### Task prompt
In the data below, find the line containing "Hello everybody, in" and the line containing "Hello everyone, welcome", then reproduce them and every line between, exactly. Omit pictures.
*** Opening of Records shown ***
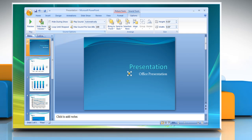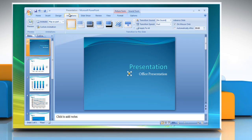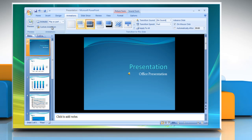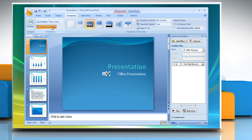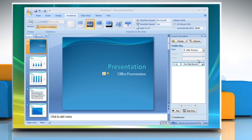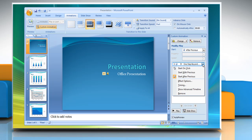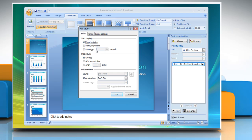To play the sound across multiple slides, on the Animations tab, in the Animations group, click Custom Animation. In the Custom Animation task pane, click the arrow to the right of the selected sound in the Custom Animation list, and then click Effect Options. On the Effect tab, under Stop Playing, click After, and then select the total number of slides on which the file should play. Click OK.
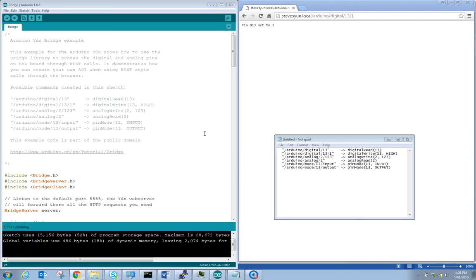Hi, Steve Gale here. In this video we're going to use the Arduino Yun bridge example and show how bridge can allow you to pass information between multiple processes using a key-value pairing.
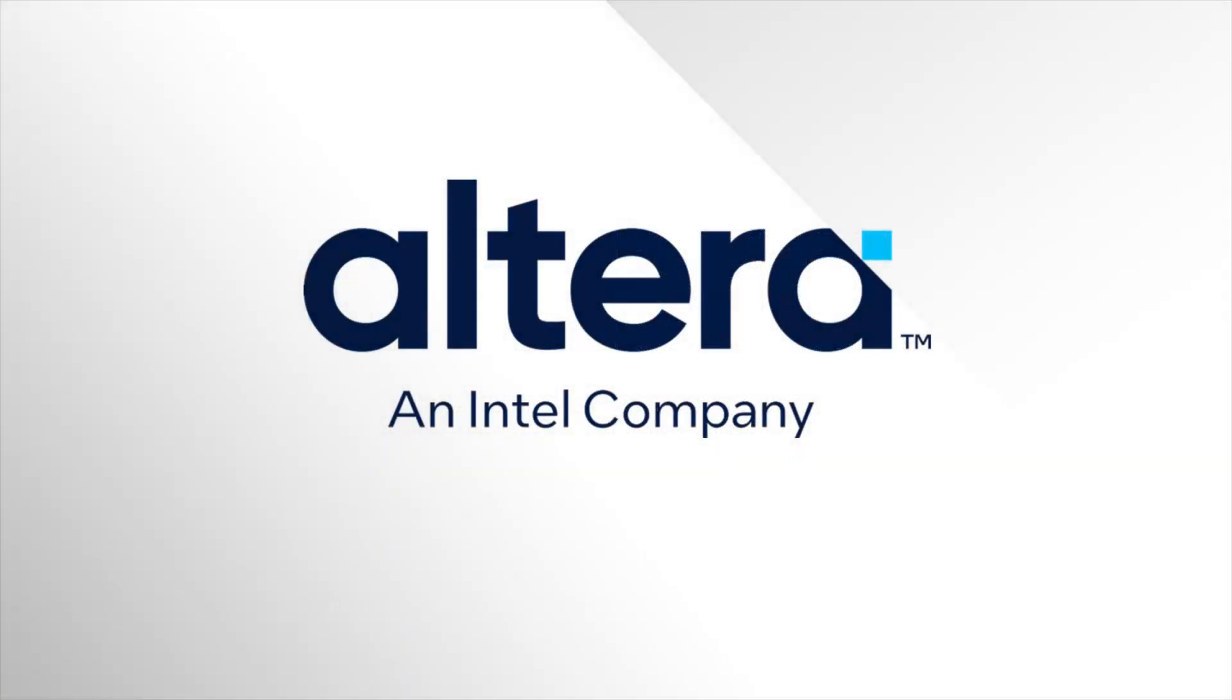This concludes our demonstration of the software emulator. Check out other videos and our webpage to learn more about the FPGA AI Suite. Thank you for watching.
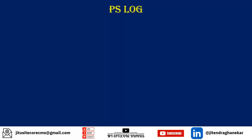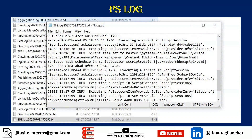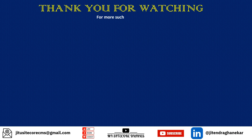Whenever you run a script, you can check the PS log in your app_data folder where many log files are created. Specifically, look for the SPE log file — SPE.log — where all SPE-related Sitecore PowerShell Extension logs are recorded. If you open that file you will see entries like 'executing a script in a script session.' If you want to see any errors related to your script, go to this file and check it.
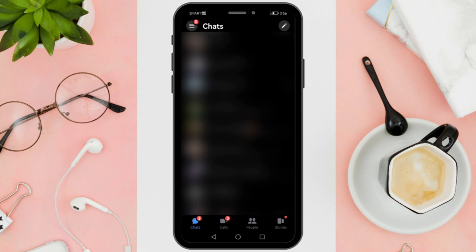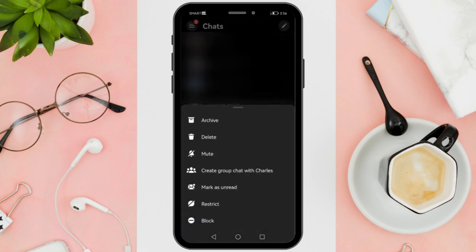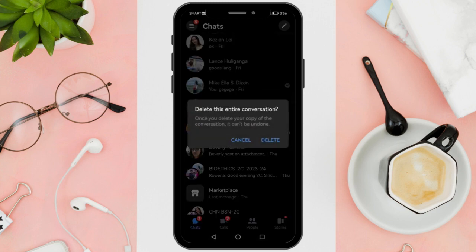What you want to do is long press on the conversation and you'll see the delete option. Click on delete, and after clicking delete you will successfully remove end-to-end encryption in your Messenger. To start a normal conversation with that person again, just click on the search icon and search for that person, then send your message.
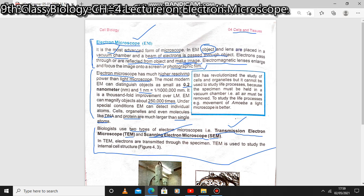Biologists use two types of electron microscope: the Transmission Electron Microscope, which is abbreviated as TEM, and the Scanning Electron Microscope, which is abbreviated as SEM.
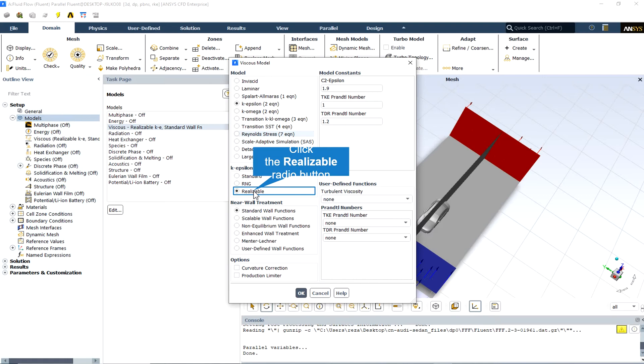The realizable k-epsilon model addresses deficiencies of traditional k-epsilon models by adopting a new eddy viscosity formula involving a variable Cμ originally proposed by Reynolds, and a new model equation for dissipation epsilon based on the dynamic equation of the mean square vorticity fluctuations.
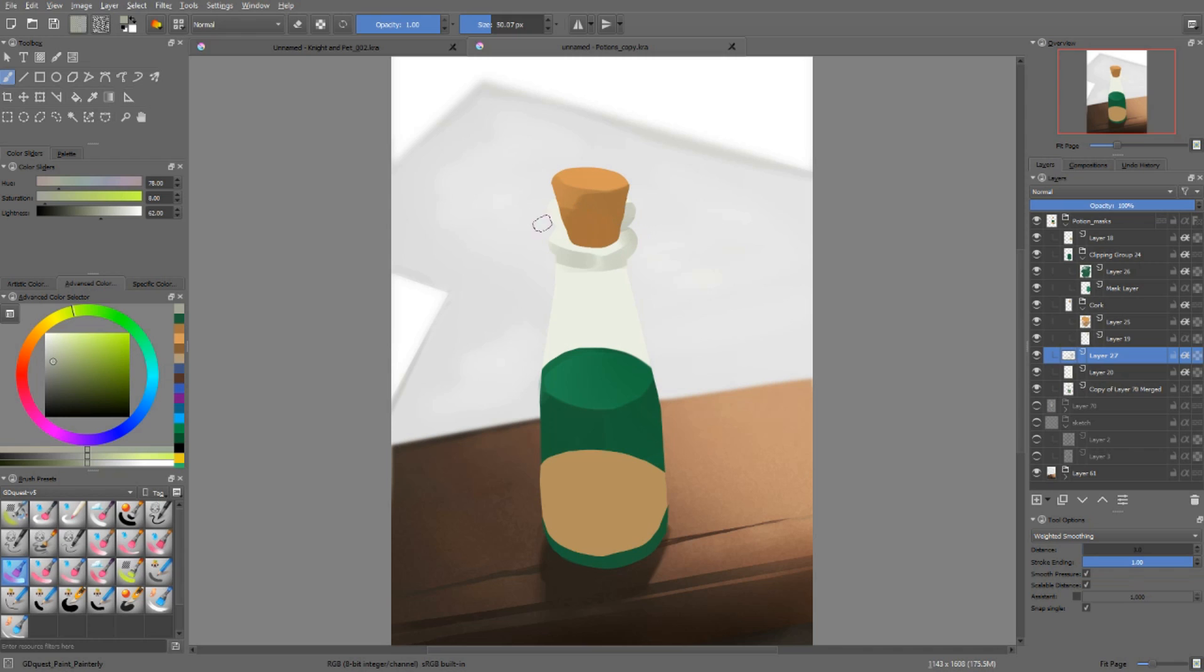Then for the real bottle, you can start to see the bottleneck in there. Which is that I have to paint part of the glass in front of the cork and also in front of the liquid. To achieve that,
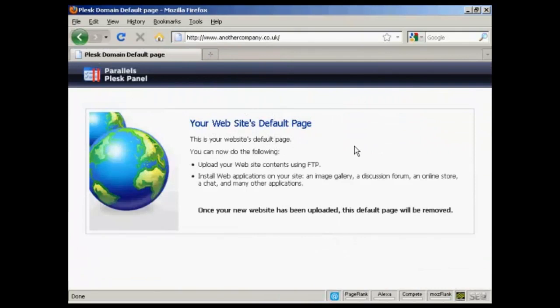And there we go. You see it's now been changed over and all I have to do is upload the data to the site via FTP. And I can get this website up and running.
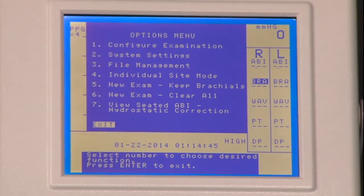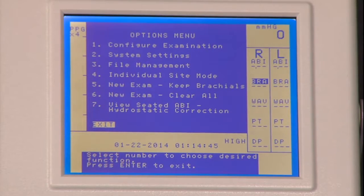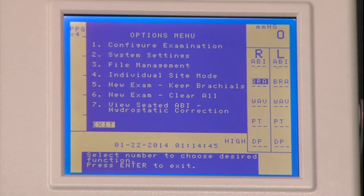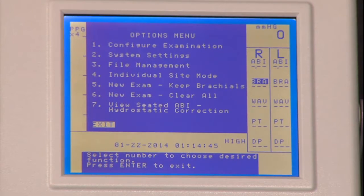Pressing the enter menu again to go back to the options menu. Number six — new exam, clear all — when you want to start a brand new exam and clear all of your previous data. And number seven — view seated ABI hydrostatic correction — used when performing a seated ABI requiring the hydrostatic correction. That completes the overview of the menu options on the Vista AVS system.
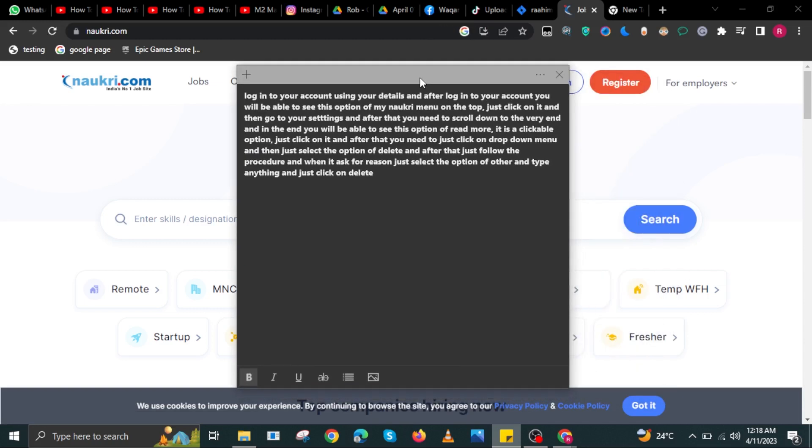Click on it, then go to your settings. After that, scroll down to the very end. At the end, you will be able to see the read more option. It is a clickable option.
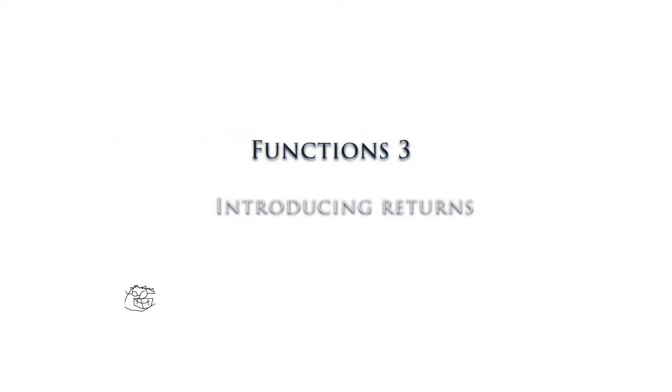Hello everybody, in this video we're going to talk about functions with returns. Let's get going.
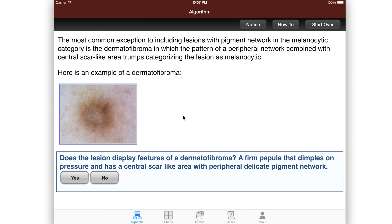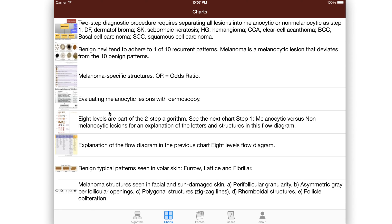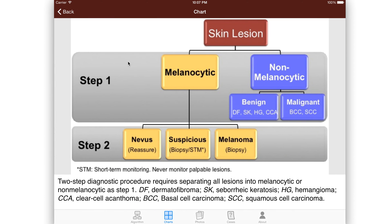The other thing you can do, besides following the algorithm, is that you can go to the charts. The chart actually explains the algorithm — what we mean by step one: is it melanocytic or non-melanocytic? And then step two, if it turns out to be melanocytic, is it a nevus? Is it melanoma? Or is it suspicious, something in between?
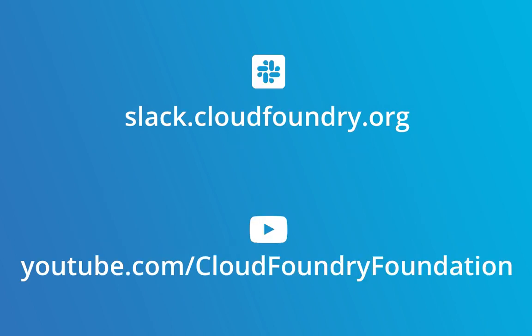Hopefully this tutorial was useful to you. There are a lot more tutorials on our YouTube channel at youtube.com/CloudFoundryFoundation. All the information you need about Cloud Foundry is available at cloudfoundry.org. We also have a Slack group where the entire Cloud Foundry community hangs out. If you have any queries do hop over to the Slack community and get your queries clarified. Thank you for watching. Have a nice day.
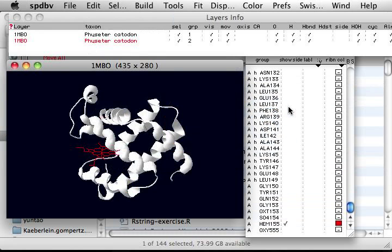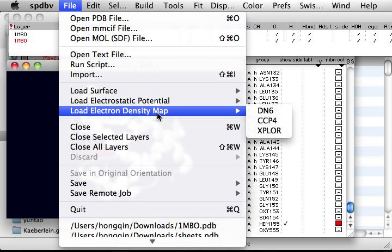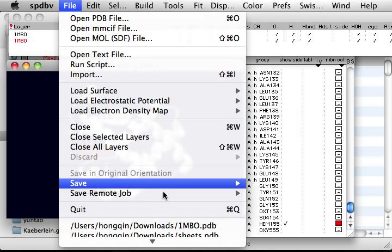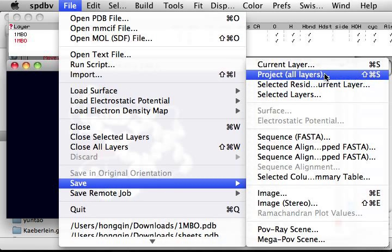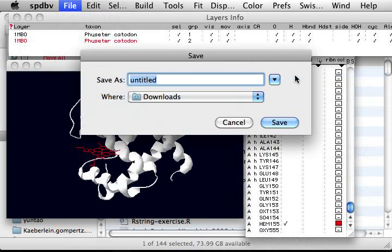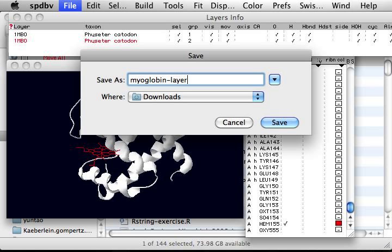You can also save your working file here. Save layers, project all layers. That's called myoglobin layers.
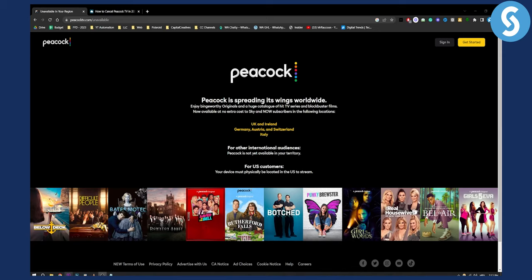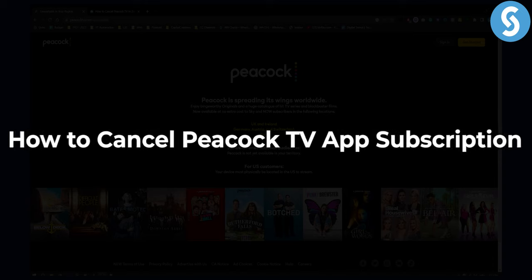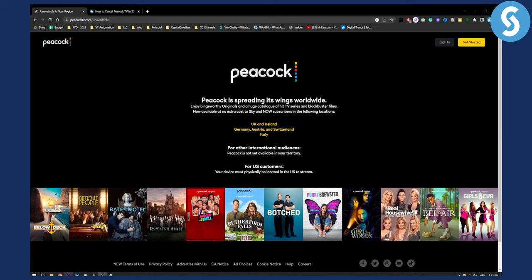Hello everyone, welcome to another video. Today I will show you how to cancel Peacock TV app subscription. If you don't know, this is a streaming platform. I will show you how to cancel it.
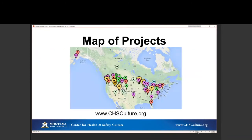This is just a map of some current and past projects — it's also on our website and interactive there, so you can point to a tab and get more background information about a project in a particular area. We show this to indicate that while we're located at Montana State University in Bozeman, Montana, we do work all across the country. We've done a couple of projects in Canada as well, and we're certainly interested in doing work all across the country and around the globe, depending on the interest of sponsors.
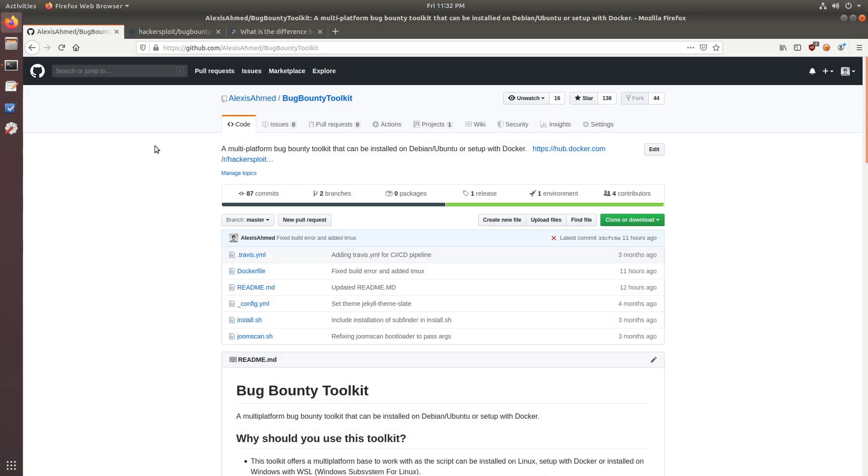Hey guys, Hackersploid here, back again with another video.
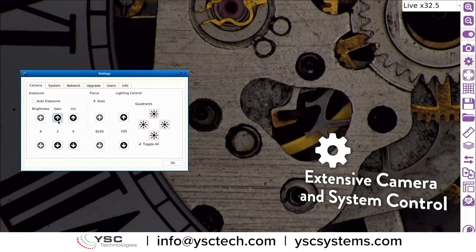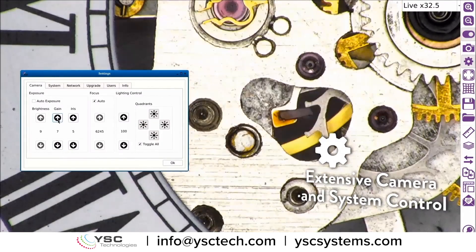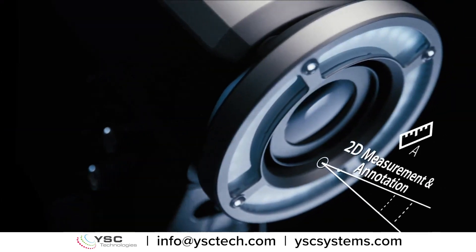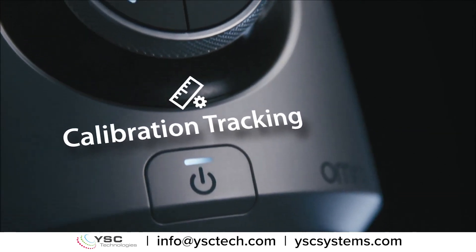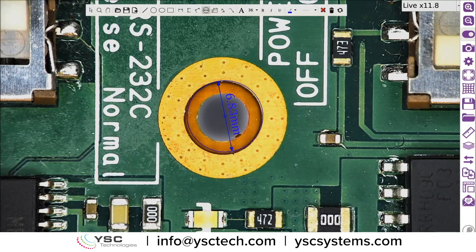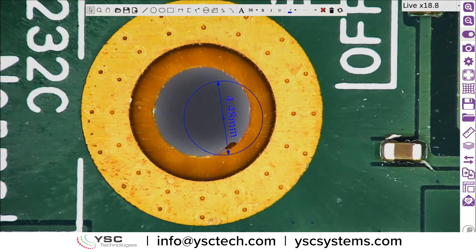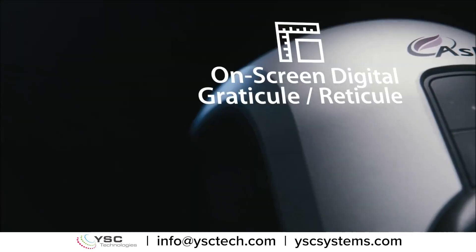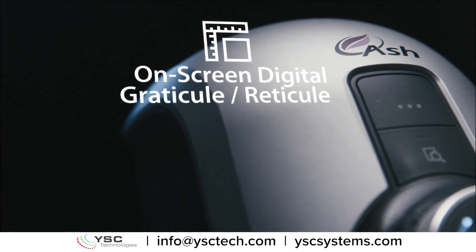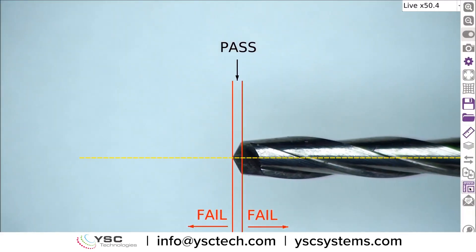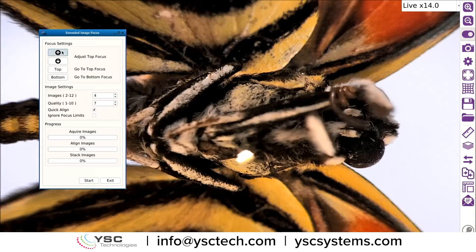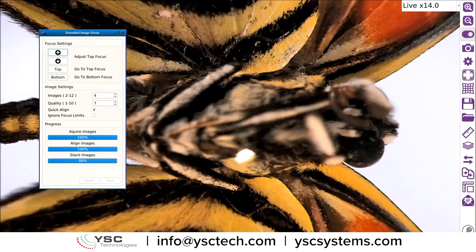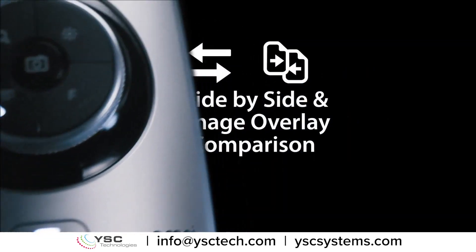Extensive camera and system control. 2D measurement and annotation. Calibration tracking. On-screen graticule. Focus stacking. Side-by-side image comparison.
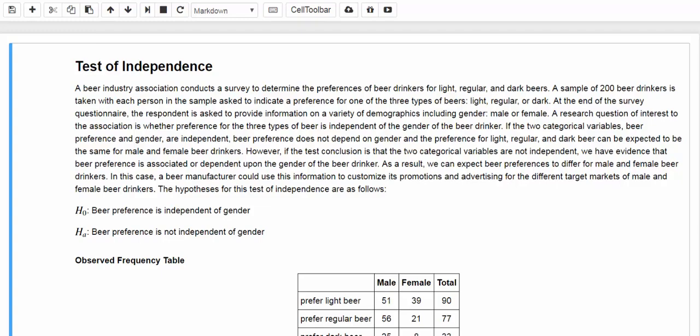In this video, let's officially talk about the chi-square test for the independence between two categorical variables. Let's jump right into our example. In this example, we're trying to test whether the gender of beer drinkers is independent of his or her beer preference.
*** Close of Records shown ***
### Answer for the task
Hello everybody, in this video we're going to talk about functions with returns. Let's get going.
The other thing you can do, besides following the algorithm, is that you can go to the charts. The chart actually explains the algorithm — what we mean by step one: is it melanocytic or non-melanocytic? And then step two, if it turns out to be melanocytic, is it a nevus? Is it melanoma? Or is it suspicious, something in between?
Hopefully this tutorial was useful to you. There are a lot more tutorials on our YouTube channel at youtube.com/CloudFoundryFoundation. All the information you need about Cloud Foundry is available at cloudfoundry.org. We also have a Slack group where the entire Cloud Foundry community hangs out. If you have any queries do hop over to the Slack community and get your queries clarified. Thank you for watching. Have a nice day.
You can also save your working file here. Save layers, project all layers. That's called myoglobin layers.
Hello everyone, welcome to another video. Today I will show you how to cancel Peacock TV app subscription. If you don't know, this is a streaming platform. I will show you how to cancel it.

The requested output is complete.